One of important factors to improve performance of the PEMFCs is to supply a designated amount or more of moisture to a polymer electrolyte membrane or a proton exchange membrane (PEM) of a membrane-electrolyte assembly (MEA) so as to maintain a desired water content. The reason for this is that, when the PEM is dried, power generation efficiency is rapidly decreased. In order to humidify the PEM, 1) a bubbler humidification method in which moisture is supplied by filling a pressure vessel with water and then causing target gas to pass through a diffuser, 2) a direct injection method in which an amount of supply moisture necessary for fuel cell reaction is calculated and then moisture is supplied directly to a gas flow pipe through a solenoid valve, and 3) a humidification membrane method in which moisture is supplied to a gas fluidized bed using a polymeric separation membrane. Thereamong, the humidification membrane method, in which vapor is fed to gas supplied to a polymer electrolyte membrane using a membrane selectively transmitting only vapor included in exhaust gas so as to humidify the polymer electrolyte membrane, is advantageous in that a humidifier may be lightweight and small.

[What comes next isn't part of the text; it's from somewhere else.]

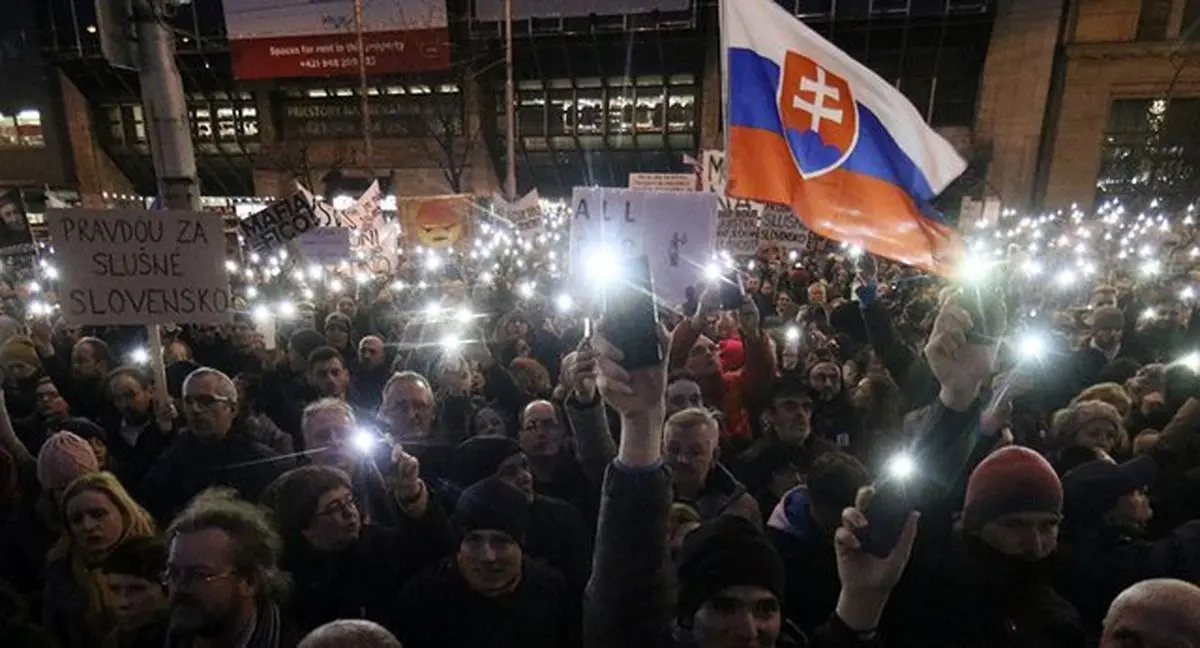 برگزاری تظاهرات گسترده ضددولتی در اسلواکی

As selectively transmitting membranes used in the humidification membrane method, hollow fiber membranes having a large transmission area per unit volume, if a module is formed, may be used. That is, if a humidifier is manufactured using hollow fiber membranes, high integration of the hollow fiber membranes having a large contact surface area is achieved and a fuel cell may be sufficiently humidified even at a small capacity of the humidifier, a low-cost material may be used, and moisture and heat included in unreacted gas of a high temperature discharged from the fuel cell may be collected and then reused through the humidifier.
However, a conventional hollow fiber membrane module has a short time for which a hot and humid humidifying fluid may directly contact hollow fiber membranes in the module and thereby have limits in raising heat/material transfer efficiency with a cool and dry fluid to be humidified and limits in enhancing humidifying efficiency of a product.
Further, in order to increase the capacity of hollow fiber membrane modules, technology in which a hollow fiber membrane bundle is partitioned or unit modules are integrated as cartridges is used. However, if such technology is used, a time taken to manufacture individual modules of the cartridges is long and thus manufacturing costs may be increased and, when the bundle is partitioned, workability in partitioning is lowered and thus quality variation may be increased.